We can take a closer look at the vertices and the edges:
V(network)
## + 12145/12145 vertices, named:
## [1] Astrup, Tage
## [2] Blom, Jakob
## [3] Erdtman, Holger
## [4] Byström, Anders
## [5] Virtanen, Artturi I.
## [6] Jorma, Juho
## [7] Linkola, Hilkka
## [8] Sörensen, Nils Andreas
## [9] Toivonen, N. J.
## [10] Niininen (Tommila), Salli
## + ... omitted several vertices
E(network)
## + 30520/30520 edges (vertex names):
## [1] Astrup, Tage -- Brodersen, Rolf
## [2] Blom, Jakob -- Rosted, Carl Olof
## [3] Erdtman, Holger -- Gripenberg, Jarl
## [4] Byström, Anders -- Almin, Karl Erik
## [5] Virtanen, Artturi I. -- Jorma, Juho
## [6] Virtanen, Artturi I. -- Linkola, Hilkka
## [7] Virtanen, Artturi I. -- Linnasalmi, Annikki
## [8] Jorma, Juho -- Linkola, Hilkka
## [9] Jorma, Juho -- Linnasalmi, Annikki
## [10] Linkola, Hilkka -- Linnasalmi, Annikki
## + ... omitted several edges
V returns the vertices, and E the edges. One of the things I note, is that there appears to be extra spaces in some of the names. I should do something about that. But it will have to wait, I’m impatient!
And now, a graph!:
plot(network)
Oh dear. That is not at all nice!
Lets begin by trying to only plot the graph for the year 1947:
graph_1947 <- subgraph.edges(network, which(E(network)$year=="1947"))
graph_1947
## IGRAPH UN-- 92 83 --
## + attr: name (v/c), year (e/c)
## + edges (vertex names):
## [1] Astrup, Tage -- Brodersen, Rolf
## [2] Blom, Jakob -- Rosted, Carl Olof
## [3] Erdtman, Holger -- Gripenberg, Jarl
## [4] Byström, Anders -- Almin, Karl Erik
## [5] Virtanen, Artturi I. -- Jorma, Juho
## [6] Virtanen, Artturi I. -- Linkola, Hilkka
## [7] Virtanen, Artturi I. -- Linnasalmi, Annikki
## [8] Jorma, Juho -- Linkola, Hilkka
## + ... omitted several edges
subgraph.edges creates a new graph, a subgraph, that only includes specified vertices and edges. Here I take the network. The edges of it has an attribute, year. And I get the edges which have the year attribute equal to 1947.

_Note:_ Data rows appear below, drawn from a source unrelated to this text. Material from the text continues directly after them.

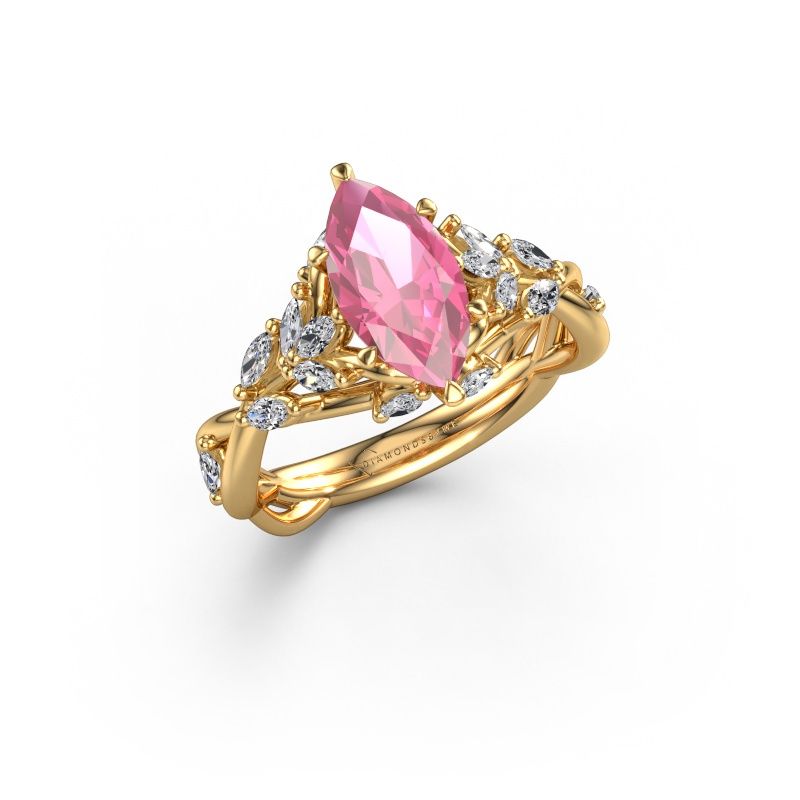 Verlovingsring Samantha MRQ 585 goud roze saffier 11x5.5 mm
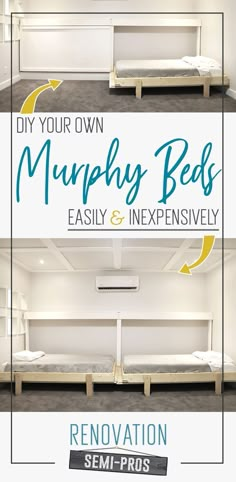 three different types of beds with the words diy your own murphy beds easy and expensive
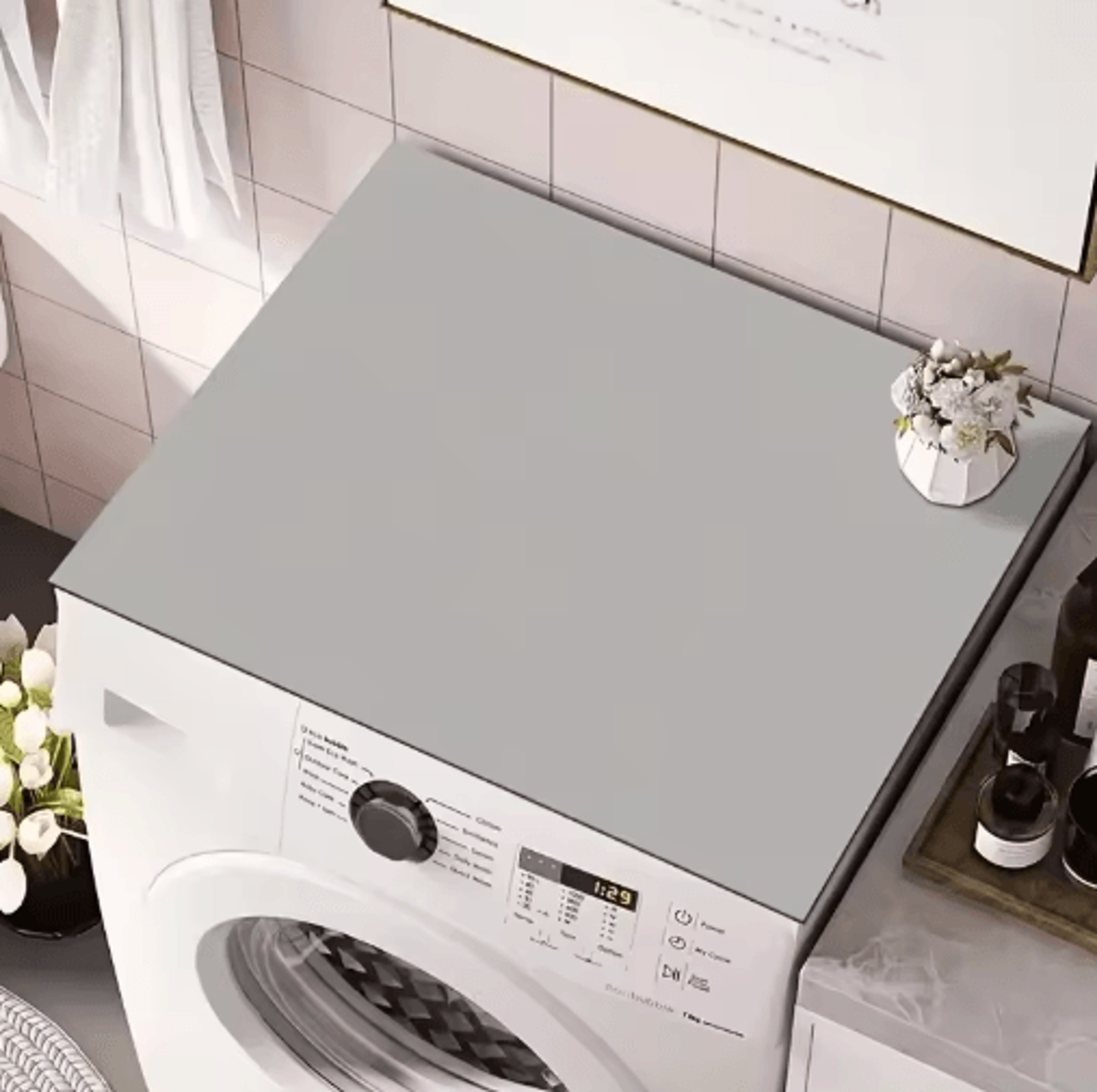 Diatomaceous Washer  Dryer Top Protector Mat  QuickDry Washing Machine Cover Pad 0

I now have a new graph, with 83 nodes, and 48 edges. The plot is still a bit confusing. I’m not actually sure that the edges are plotted. Lets remove the author names (vertex.label=NA), and make the vertices smaller (vertex.size=4)
plot(graph_1947,vertex.label=NA, vertex.size=4)
Much better. There are some “loops”. They appear when authors have written more than one paper. There are also a couple of crossing edges. And what is much worse, plotting the graph repeatedly, gives different looking graphs. There is an element of randomness in the plot. That is going to give me problems when I get to animating the networks. I need to be sure that the vertices stay in the same place.
The way to do something about that? The function set.seed().
set.seed(47)
plot(graph_1947,vertex.label=NA, vertex.size=4)
Geeks amongst my readers will note that I’m a trekkie 🙂
Oh, and the seeding does not look necessary here – but when I ran the script through R again, it was set, and the two graphs are therefore identical.
Thats it for now, time to go to bed!